I guess one way to handle the legacy blocks, is to recompute the changesets by doing a complete comparison between two versions in the iavl tree, I assume that'd be too slow to be practical., let's just backport the streamer and dump the changesets.

yihuang commented 2 years ago

Implementation Plan

// VersionStore is a versioned storage of a flat key-value pairs.
// it don't need to support merkle proof, so could be implemented in a much more efficient way.
// `nil` version means the latest version.
type VersionStore interface {
    GetAtVersion(storeKey string, key []byte, version *int64) ([]byte, error)
    HasAtVersion(storeKey string, key []byte, version *int64) (bool, error)
    IteratorAtVersion(storeKey string, start, end []byte, version *int64) types.Iterator
    ReverseIteratorAtVersion(storeKey string, start, end []byte, version *int64) types.Iterator
    GetLatestVersion() int64

    // Persist the change set of a block,
    // the `changeSet` should be ordered by (storeKey, key),
    // the version should be latest version plus one.
    PutAtVersion(version int64, changeSet []types.StoreKVPair) error
}

Integrate VersionStore into rootmulti.Store

VersionStore can be implemented on top of dbm.DB, we might also experiment with lmdb/mdbx, which may not fit into the current dbm interface.

tac0turtle commented 2 years ago

in this approach are you assuming iavl does not handle versions anymore?

I think if we fix iavl ky format queries will improve dramatically

alexanderbez commented 2 years ago

Sounds like you're describing a dedicated SS layer. I'm definitely in favor of splitting SS + SC responsibilities from the IAVL!

I would really really really love for all this to be consolidated into a single EPIC. Which we have here -> https://github.com/cosmos/cosmos-sdk/issues/12986

yihuang commented 1 year ago

in this approach are you assuming iavl does not handle versions anymore?

yes, only keep the recent ones necessary for the consensus state machine, pruning=everything.

I think if we fix iavl ky format queries will improve dramatically

We are mainly focus on db size right now, in local test, the new db format is 10x smaller than the iavl db. I see great potential in the new iavl key format too, that should improve the db size of iavl too, but won't match the versiondb.

yihuang commented 1 year ago

Sounds like you're describing a dedicated SS layer. I'm definitely in favor of splitting SS + SC responsibilities from the IAVL!

The difference with the SS described in v2 store is it also support versioning, so it can support an archived grpc query service. The problem with changing iavl itself is, it's impractical to migrate the whole state on production network.

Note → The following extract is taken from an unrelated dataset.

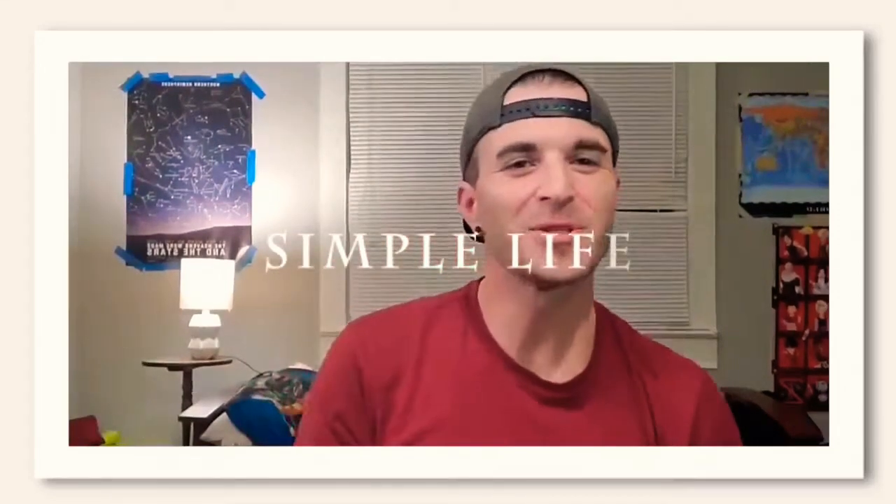Hey, it's Mitchell here coming to you through my channel, The Added Voice. This is what we got today.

I would really really really love for all this to be consolidated into a single EPIC. Which we have here -> #12986

happy to move the discussion there. Currently the implementation can be done and experimented externally(https://github.com/crypto-org-chain/cronos/pull/722), thanks to the adr-038 state streaming interface. Now I need to hook the alternative db to the grpc query service, I'm trying to find a way that don't need to change too much to sdk internals.

tac0turtle commented 1 year ago

personally the design of v2 was poor. the idea that proof support for historical versions means you need to reconstruct the tree is a bad design. Proof support while not widely used today is at the core of blockchain and decentralising data access.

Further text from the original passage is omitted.